A Neutral Zone Classifier for Three Classes with an Application to Text Mining
Conference
64th ISI World Statistics Congress
Format: IPS Abstract
Keywords: classification, text analysis
Session: IPS 421 - Data Science in Statistics: methodological and applied issues
Thursday 20 July 10 a.m. - noon (Canada/Eastern)
Abstract
A classifier may be limited by its conditional misclassification rates more than by the achievable overall misclassification rate. In the case that one or more of the misclassification rates are high a neutral zone may be introduced to lower, and possibly balance, conditional misclassification rates. In this talk we discuss a novel neutral zone for classifiers for three classes and examine some of its properties.
Our application is around the analysis of student evaluations of teaching. While the use of numerical Likert Scale response data has been fervently discussed in the literature, comparatively little attention has been given to how written comments could be used to provide a fuller story of student satisfaction.

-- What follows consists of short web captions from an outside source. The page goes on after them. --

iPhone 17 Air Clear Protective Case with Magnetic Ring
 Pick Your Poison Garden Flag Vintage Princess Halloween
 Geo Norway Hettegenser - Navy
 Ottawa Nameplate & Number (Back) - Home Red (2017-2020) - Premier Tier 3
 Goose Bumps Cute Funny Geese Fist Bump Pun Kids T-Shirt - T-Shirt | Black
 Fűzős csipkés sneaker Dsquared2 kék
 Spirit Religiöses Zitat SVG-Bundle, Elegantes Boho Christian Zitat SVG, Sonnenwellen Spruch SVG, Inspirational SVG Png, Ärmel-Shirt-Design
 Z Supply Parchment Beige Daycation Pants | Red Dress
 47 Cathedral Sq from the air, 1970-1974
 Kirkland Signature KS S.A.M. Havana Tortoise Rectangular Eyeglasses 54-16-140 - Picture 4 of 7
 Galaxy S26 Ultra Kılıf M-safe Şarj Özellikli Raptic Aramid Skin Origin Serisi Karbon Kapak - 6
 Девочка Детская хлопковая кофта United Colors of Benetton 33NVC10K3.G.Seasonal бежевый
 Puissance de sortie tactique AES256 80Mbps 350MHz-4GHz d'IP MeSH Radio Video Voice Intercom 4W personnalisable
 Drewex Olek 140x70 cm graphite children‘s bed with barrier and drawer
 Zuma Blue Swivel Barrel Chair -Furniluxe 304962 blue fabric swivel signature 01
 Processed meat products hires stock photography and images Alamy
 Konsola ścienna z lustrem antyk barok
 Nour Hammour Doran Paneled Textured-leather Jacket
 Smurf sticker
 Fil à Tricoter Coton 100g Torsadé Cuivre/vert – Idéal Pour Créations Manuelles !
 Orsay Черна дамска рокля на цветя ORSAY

We show how our neutral zone classifier can work in this setting by labeling the individual comments as reflecting a positive, mixed, or negative overall experience in the class, and then adopting a neutral zone for comments where the evidence for one of the three labels is not sufficiently strong. The proportions of comments within a given course that are positive, mixed, or negative can then be determined as a summary statistic for what could otherwise be a large corpus of text comments that might not be read. In addition, we analyze the distributions of comments that are positive/mixed/negative across gender and ethnicity groups to examine any potential differences that might parallel differences that have been found in the analyses of the numerical Likert Scale questions.